In the 1930’s, Smedley D. Butler, a retired United States Marine Corps Major General and two-time Medal of Honor recipient, made a nationwide tour giving his speech War is a Racket. In 1935 he published the book War is a Racket. Butler points out how industrialists, subsidized by public funding, can generate substantial profits, making money from mass human suffering.
In a September 13, 2021 paper entitled, Profits of War: Corporate Beneficiaries of the Post-9/11 Pentagon Spending Surge, William D. Hartung examines Pentagon spending that has benefited weapon makers, logistics firms, private security contractors, and other corporate interests. His paper echos the same conclusion that Smedley Butler made almost 100 years ago.
Hartung points out that the financial benefits from a war economy include much more than just the weapons industry. Although one-quarter to one-third of all Pentagon contracts in recent years have gone to just five weapons contractors: Lockheed Martin, Boeing, General Dynamics, Raytheon, and Northrop Grumman, there has been an abundance of booty to be had.
Heidi Peltier reported that roughly half of the Pentagon 2019 budget went to military contractors. These funds were both for war-related and ongoing peacetime activities. The FY2020 indicates, the spending for these contractors grew to $420 billion. It includes logistics and reconstruction firms like Halliburton subsidiary Kellogg, Brown and Root (KBR), Bechtel, and armed private security contractors like Blackwater and Dyncorp.
The Commission on Wartime Contracting in Iraq and Afghanistan estimated that waste, fraud, and abuse in the two war zones as of 2011 had totaled $31 billion to $60 billion. Taking advantage of the less rigorous oversight under wartime conditions is what is called war profiteering. The war industries are guilty of overcharging, shoddy construction, and outright theft by contractors.
Overcharging violations in 2004, KBR refunded the U.S. $27.4 million for potential over-billings at dining facilities in Iraq and Kuwait. Shoddy work has had tragic human consequences, like the electrocution of at least eighteen military personnel in several bases in Iraq due to faulty electrical installations and lack of grounding.
The list goes on; $43 million on a never used gas station, another $150 million on lavish living quarters for U.S. economic advisors, and $3 million for patrol boats for the Afghan police that were also never used.
A Congressional investigation found that a significant portion of $2 billion worth of transportation contracts to U.S. and Afghan firms ended with kickbacks to warlords, police officials, or payments to the Taliban.
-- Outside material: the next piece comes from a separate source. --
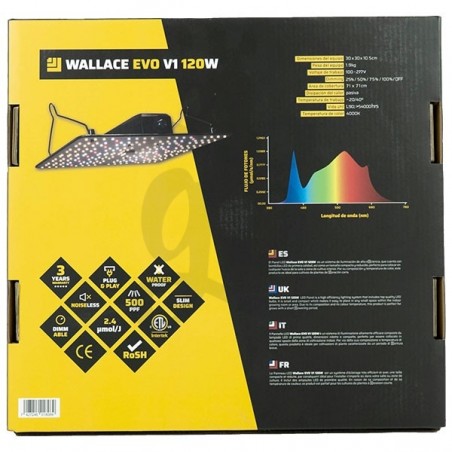 Led Wallace V1 120W Panel back box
Former Secretary of State Hillary Clinton has stated that a source of funding for the Taliban was the protection money paid from U.S. transportation contracts.
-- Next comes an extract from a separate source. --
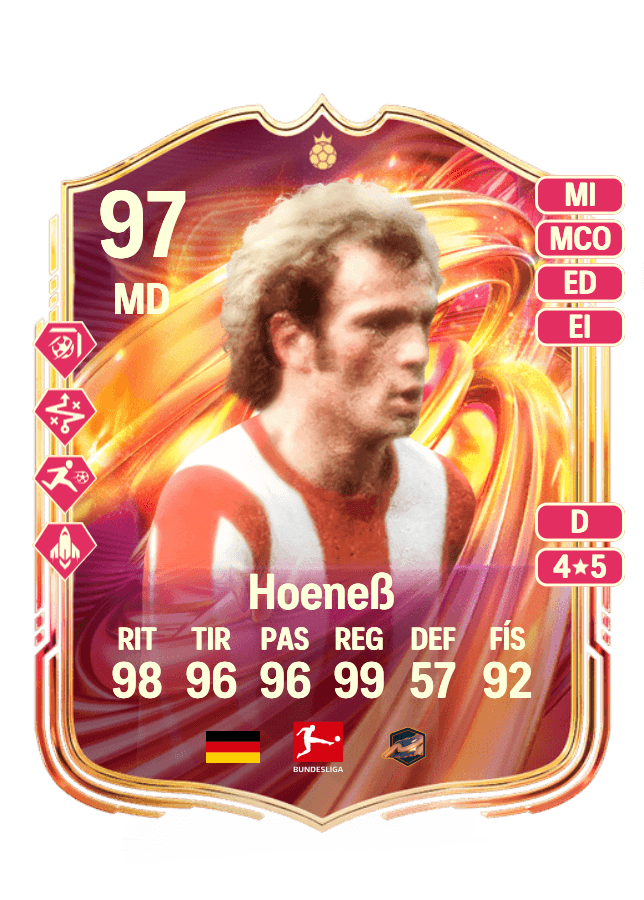 Uli Hoeneß card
The use of private contractors reduces transparency and accountability in war zones, accompanied by disastrous results. In 2011 contractors represented more than half of the U.S. presence in the contingency operations in Iraq and Afghanistan, at times employing more than a quarter-million people.
A 2017 analysis by Brown University’s Costs of War project documented abysmal labor conditions and human rights abuses inflicted on foreign nationals working on U.S.-funded projects in Afghanistan. Including false imprisonment, theft of wages, and deaths and injuries in areas of conflict.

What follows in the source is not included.